* **Recorded data**

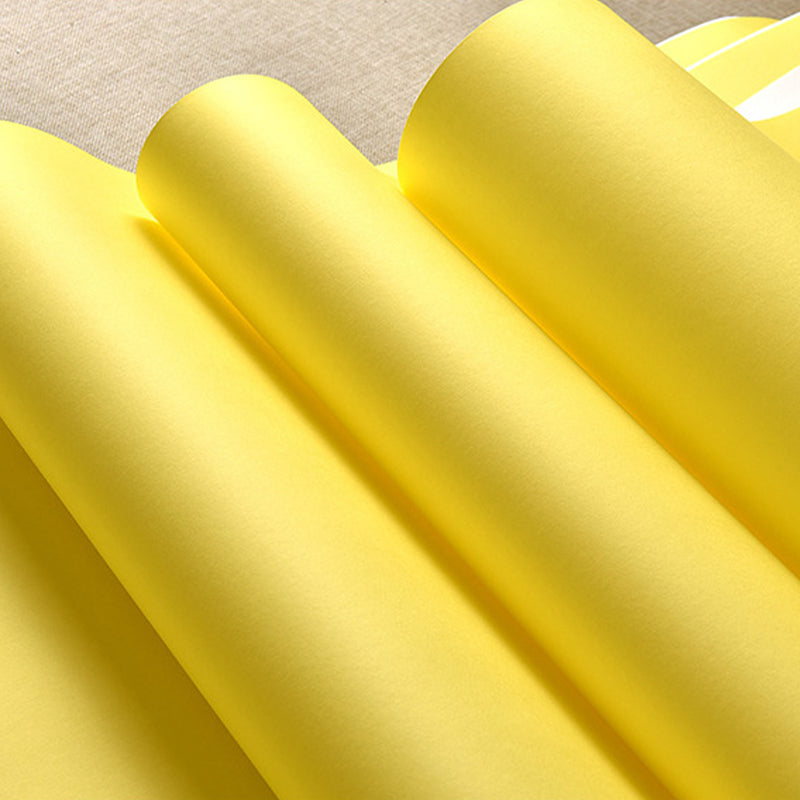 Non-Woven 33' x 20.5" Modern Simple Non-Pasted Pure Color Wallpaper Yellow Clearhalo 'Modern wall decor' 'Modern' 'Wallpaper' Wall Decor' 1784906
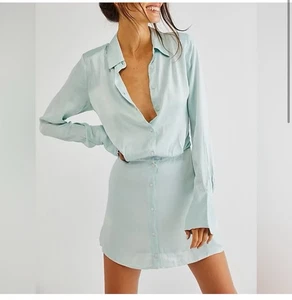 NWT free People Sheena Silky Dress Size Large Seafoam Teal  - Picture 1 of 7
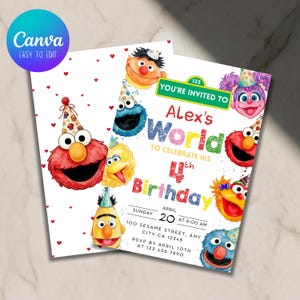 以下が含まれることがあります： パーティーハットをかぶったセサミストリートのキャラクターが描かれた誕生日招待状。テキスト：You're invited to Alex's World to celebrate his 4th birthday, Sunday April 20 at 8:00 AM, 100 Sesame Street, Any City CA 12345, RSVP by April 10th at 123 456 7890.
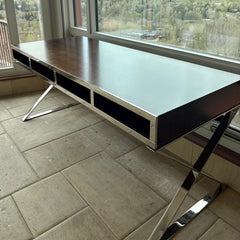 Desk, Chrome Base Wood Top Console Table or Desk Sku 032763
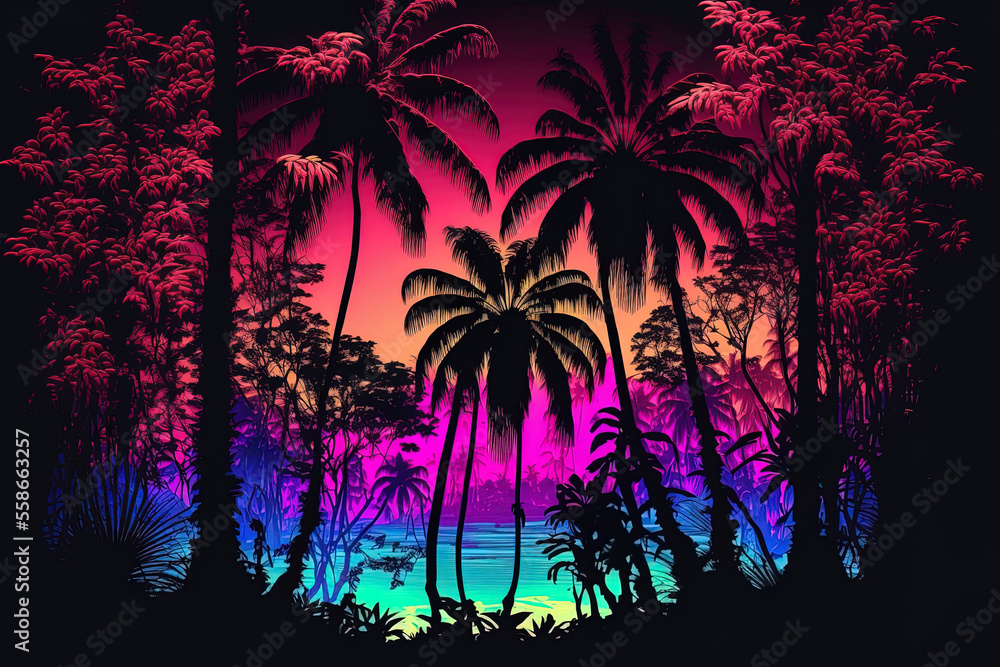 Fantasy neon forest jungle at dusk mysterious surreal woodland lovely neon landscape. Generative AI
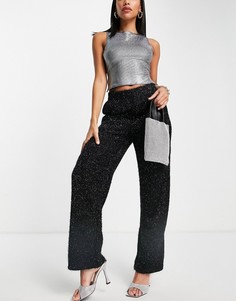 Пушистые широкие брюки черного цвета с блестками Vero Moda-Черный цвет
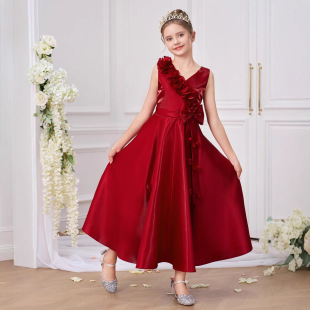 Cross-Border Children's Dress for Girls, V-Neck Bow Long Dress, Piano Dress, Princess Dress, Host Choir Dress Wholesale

* * *

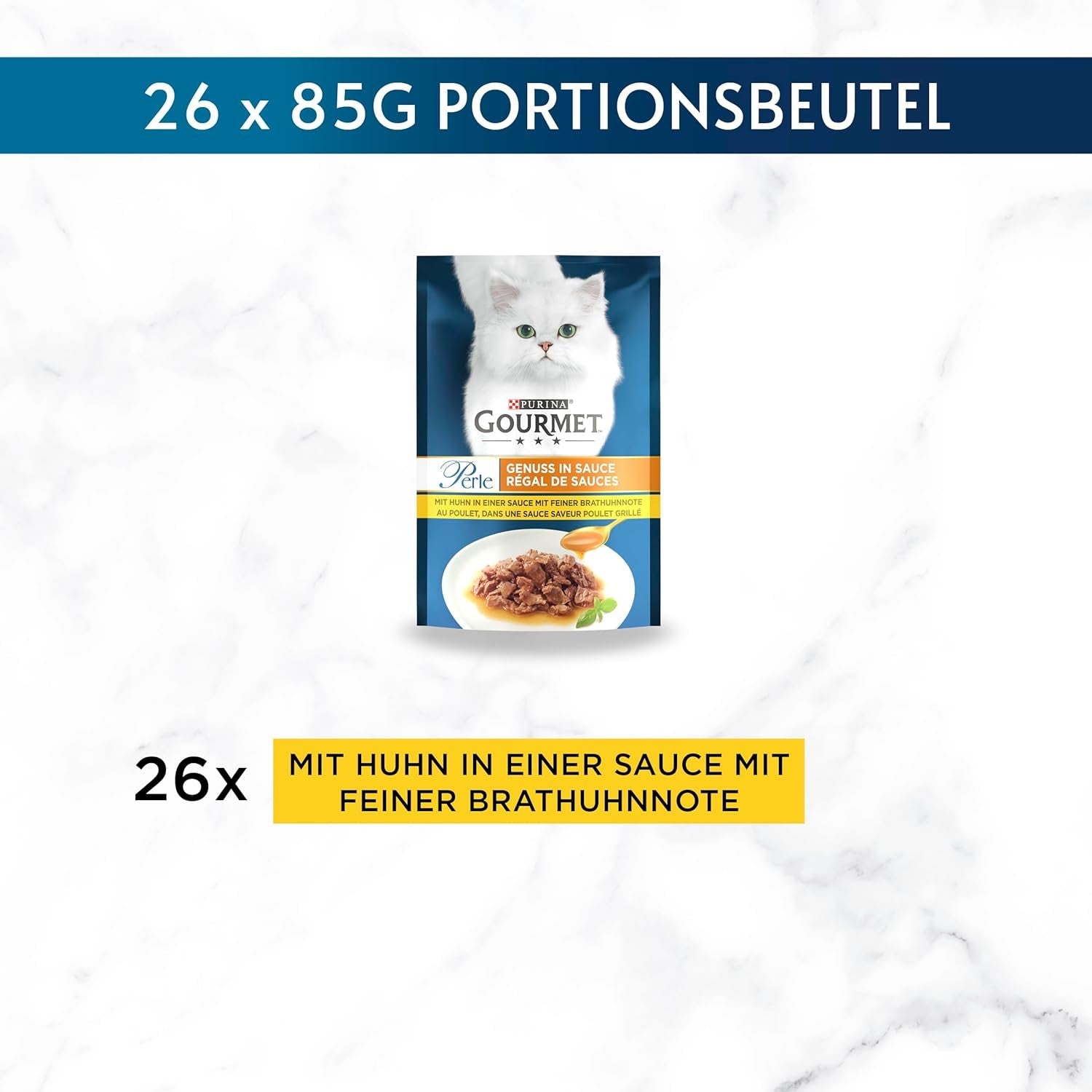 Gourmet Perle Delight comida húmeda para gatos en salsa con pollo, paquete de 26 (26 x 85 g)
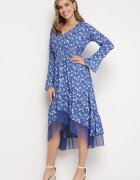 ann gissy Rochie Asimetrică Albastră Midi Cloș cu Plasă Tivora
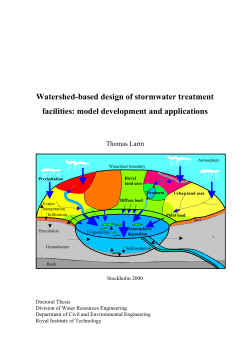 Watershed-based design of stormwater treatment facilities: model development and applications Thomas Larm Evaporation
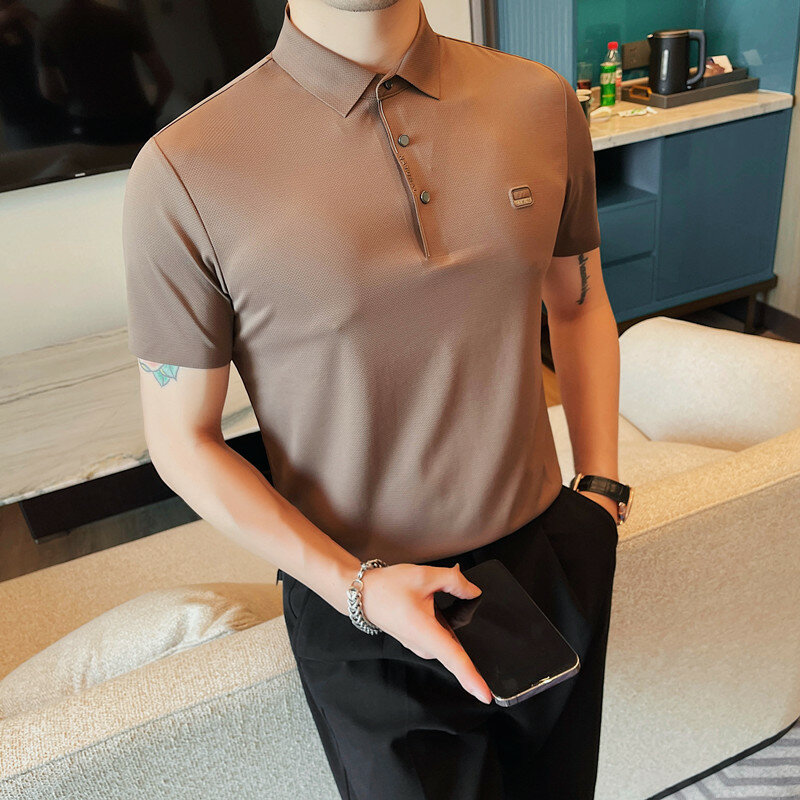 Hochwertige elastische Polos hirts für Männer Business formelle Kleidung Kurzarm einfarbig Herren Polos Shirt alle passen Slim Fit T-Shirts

---

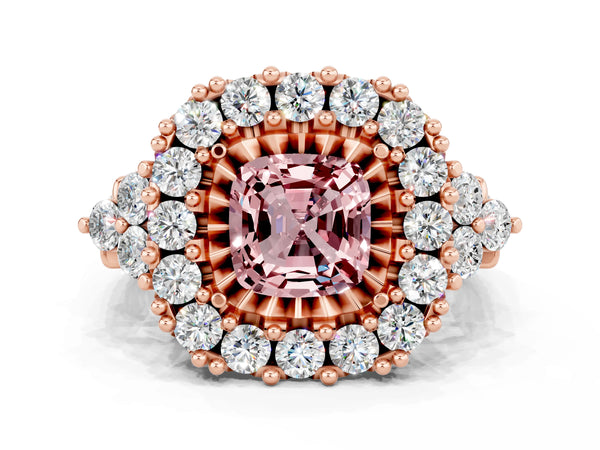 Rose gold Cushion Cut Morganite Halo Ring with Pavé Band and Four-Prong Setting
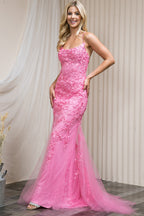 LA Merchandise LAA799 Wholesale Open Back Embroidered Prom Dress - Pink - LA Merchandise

* **Work instruction**
Set down word for word the lines above from the one with "Rose gold Cushion" up to and including the one with "LA Merchandise LAA799". Omit every picture.

* **Response area**
 Rose gold Cushion Cut Morganite Halo Ring with Pavé Band and Four-Prong Setting
 LA Merchandise LAA799 Wholesale Open Back Embroidered Prom Dress - Pink - LA Merchandise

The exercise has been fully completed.